This hardly inspires us with confidence in Paul's abilities, a man who is often held to be the finest, most profound theologian of all time, bar none. Enns is blunt on Paul's singular but literal reading of the Adam character; after all this is the roadblock he wants to clear so likeminded Christians can embrace a scientific understanding of origins.
That's a worthy goal; may the force be with him. But:
Admitting the historical and scientific problems with Paul's Adam does not mean in the least that the gospel message is therefore undermined.Do you feel reassured?
Enns' wants us to see Paul as a child of his time, which is quite reasonable. He was however a shoddy interpreter of scripture, and anchored his gospel in multiple misunderstandings, but, hey, no worries, relax, it's all good. Paul may have been a third rate exegete, but...
Paul came to understand that the human plight was far deeper and more widespread than his own Jewish worldview thought.Oh, okay, so after all that Paul was indeed the deep, profound, insightful bloke we thought he was all along. Those darn Jews were just too dull to understand that. No wonder he had to play fix-it with the Old Testament. Sorry guys.
His reading of the Old Testament in general is creative, driven by both hermeneutical conventions of the time and - most importantly - by his experience of the risen Christ.There is a problem here, apart from the arrogant supercessionism.
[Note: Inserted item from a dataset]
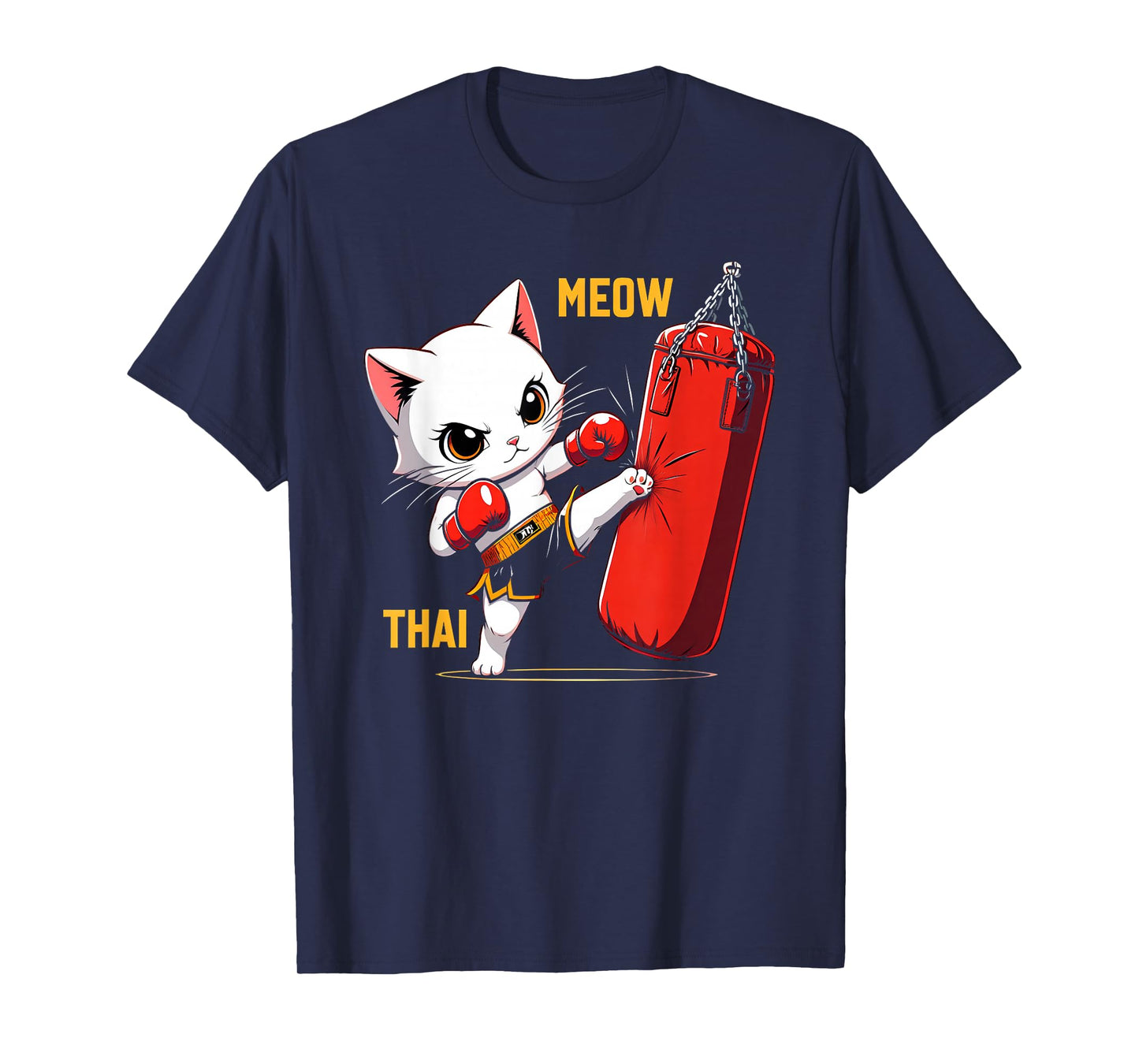Muay Thai Cat, Meow Thai, Thai Boxing For Youth, Muay Thai T-Shirt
Enns' Paul is, in effect, the real 'revelator', not Jesus. He pays no attention, for example, to the fact that Paul was regarded as a dubious character by non-Pauline Christians, as evidenced within the New Testament itself. Paul's interesting but flawed expositions of scripture are driven by his own visions ("his experience of the risen Christ") and arguably his towering ego. Why is this acceptable for Paul but not for Reverend Moon? Enns appears to stand in the camp of those who would claim that Paul is the real founder of Christianity, making the historical Jesus - along with the original Jesus movement - largely irrelevant, or peripheral at best.
And while we're flushing down Paul's opposition within the early church, we can apparently also feel free to marginalize Judaism and treat Paul's 'creative' use of the Hebrew Bible as the new gold standard.
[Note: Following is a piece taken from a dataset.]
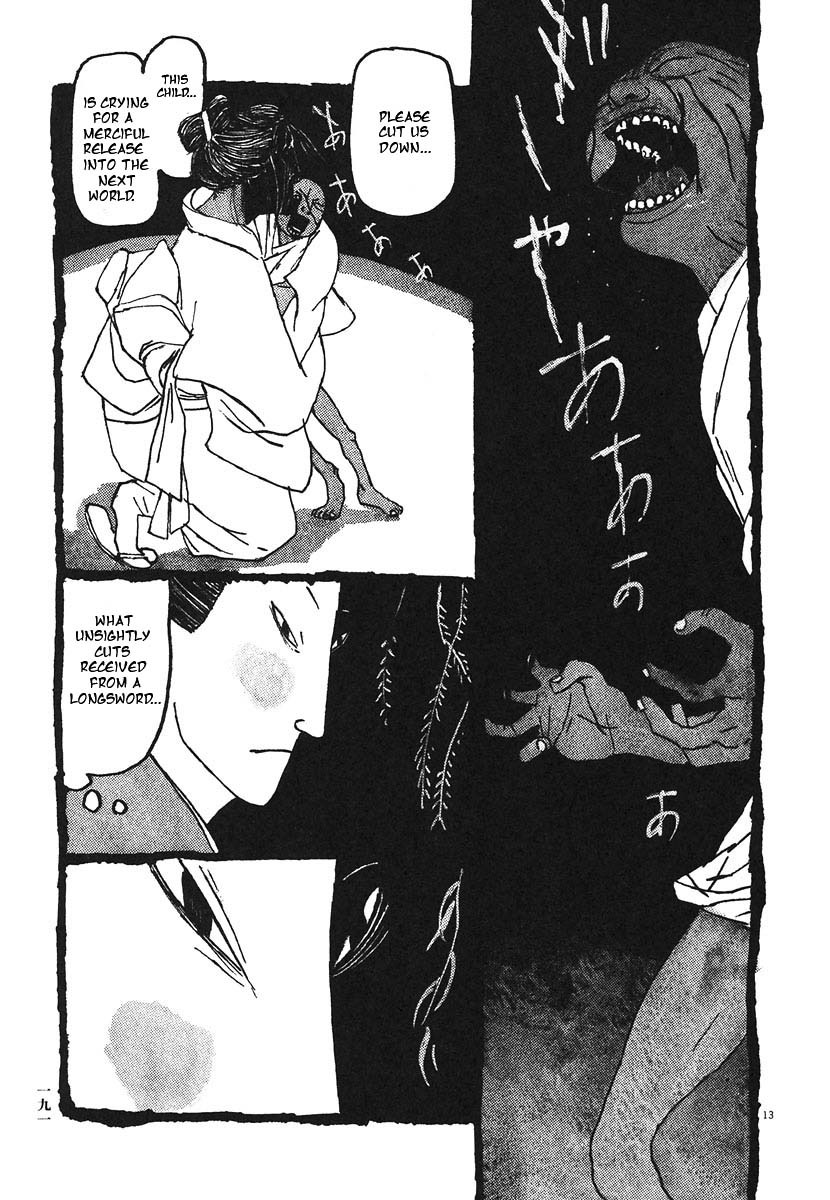 Takemitsu Zamurai Chapter 10 page 13 - Chapter 10: The Thread of Life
Convinced? Not likely. Christianity was far too diverse right from the outset to make this a credible reconstruction.
Another problem: if Paul could legitimately play fast and loose with the scriptures, why not Benny Hinn? If anyone can explain that without indulging in circular reasoning, please let me know.
So, at the end of the day, I both admire The Evolution of Adam and am thoroughly discombobulated by it. Enns succeeeds brilliantly in identifying some key issues then, in my opinion, charges off up the wrong path entirely in his haste to put out possible brush fires.
The Evolution of Adam is hopefully just an opening shot in an ongoing conversation that evangelicals desperately need to get involved in.